TRY IT> Please transcribe the data that follows without the pictures, keeping every word the same.

RAW DATA>
***
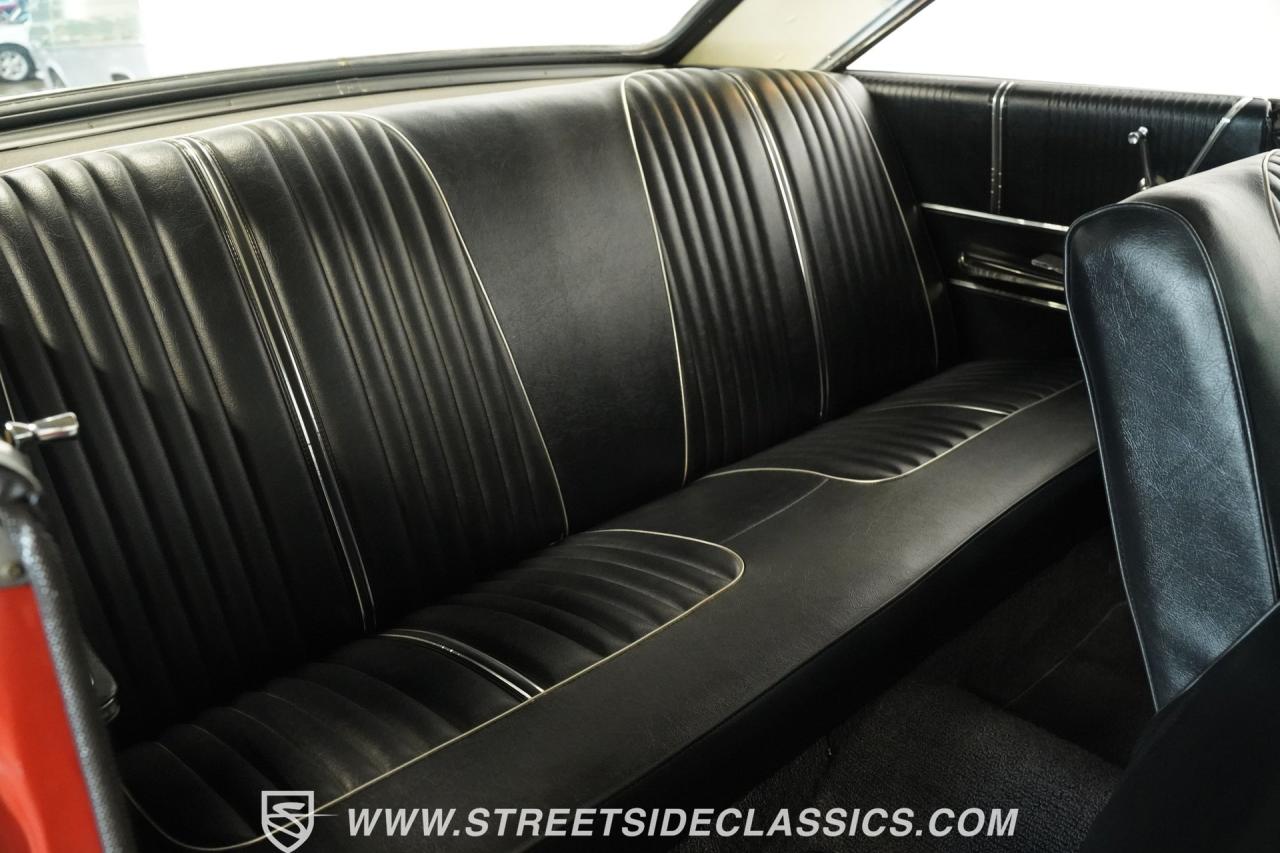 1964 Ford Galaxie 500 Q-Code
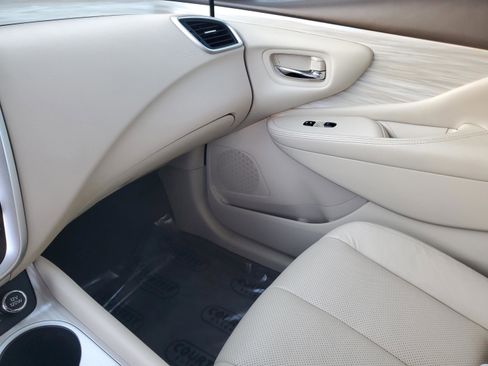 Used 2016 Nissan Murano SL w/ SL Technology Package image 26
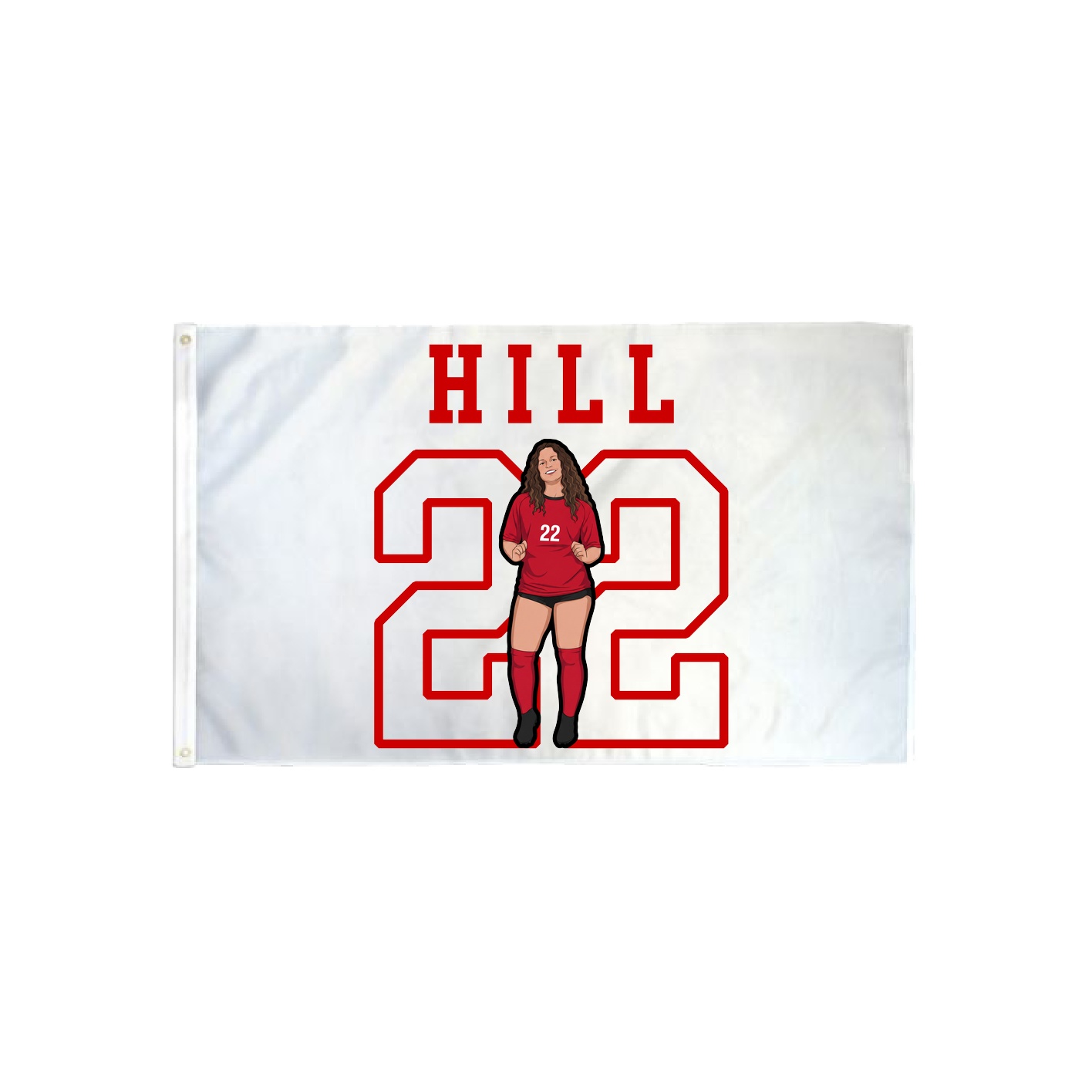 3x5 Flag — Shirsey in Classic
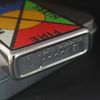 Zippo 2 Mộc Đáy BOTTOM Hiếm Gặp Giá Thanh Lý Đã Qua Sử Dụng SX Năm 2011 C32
***
SOLUTION TO THE PROBLEM>
 1964 Ford Galaxie 500 Q-Code
 Used 2016 Nissan Murano SL w/ SL Technology Package image 26
 3x5 Flag — Shirsey in Classic
 Zippo 2 Mộc Đáy BOTTOM Hiếm Gặp Giá Thanh Lý Đã Qua Sử Dụng SX Năm 2011 C32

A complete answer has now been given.